At the same time, I always felt like this is a challenging space to do some innovation and make money. It seems like you'll need to take an "open core" approach with open source software plus some paid upgrades, but then you'll always live in fear that one of the cloud providers takes your open source core and integrates it in their offerings.
So I wrote the following tweet (click on the Twitter icon to expand):
There very interesting replies and pointers, but I want to follow this specific thread by Lars:
Besides economically feasibility, yhere is another dimension to this which sounded very familiar.

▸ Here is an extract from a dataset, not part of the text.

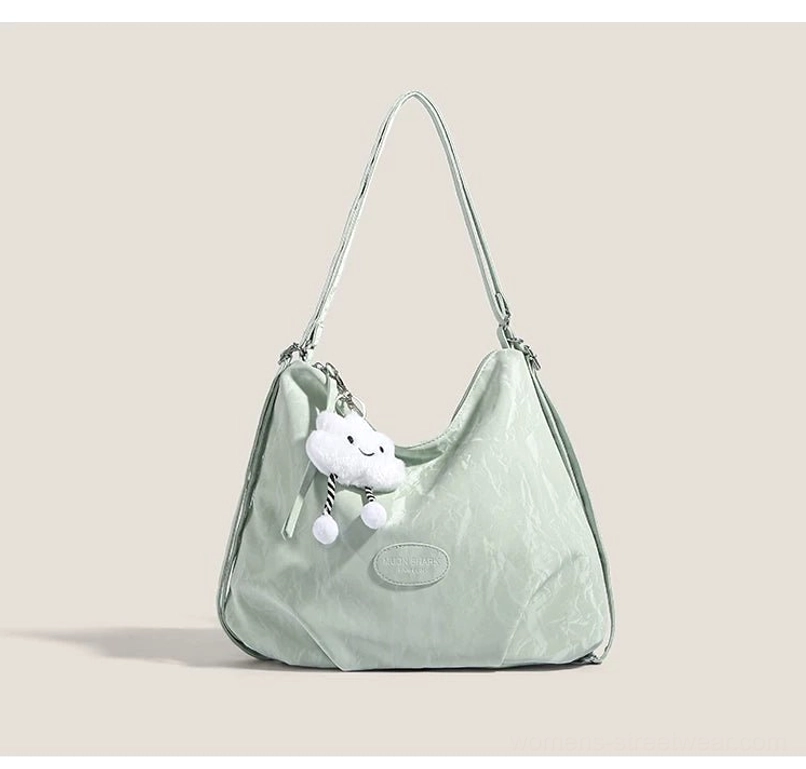 Sage green cloud charm crinkle convertible hobo shoulder bag with silver hardware and plush cloud pendant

There is definitely an interest in better tooling, but there are many problems related to putting ML into practice which are unrelated to tooling, but are about processes, and organization.
For example, as I said previously, data science projects are different because they have to deal with a much higher amount of uncertainty. You have to very consciously manage this uncertainty and include it in your planning. Just having shiner deployment pipelines for ML models alone won't make your projects deliver better results.
Another example is the role of data and data quality within a company. Data is not organized in a way that it can be used to build data driven products. As Jesse Anderson often points out, even the role of the data engineer is not well understood.
Lars compared the situation to Toyota and GM. In order to get their problems with quality under control, GM studied how Toyota factories worked and even rebuild a factory, but without really understanding the differences in processes.
Interestingly, not all tools are the same, but some tools manage to transform the way that people work, sometimes due to its short-comings. Hadoop seemed to have been one of these examples.
I believe that the best tools also transform the way we think and work. I think there is an optimistic view on "If you have a hammer, every problem looks like a nail" in which you understand for the first time that many problems are in fact nails (and that that is a good way to view them).
For some reason, Big Data and Data Engineering seem to currently converge towards distributed execution engines for SQL. This is nice because SQL is well known, but at the same time, maybe it is a bit too convenient and well-known.
And part of me also thinks that one should not ignore this space just because it seems economically challenging. But more on that (maybe) some other time.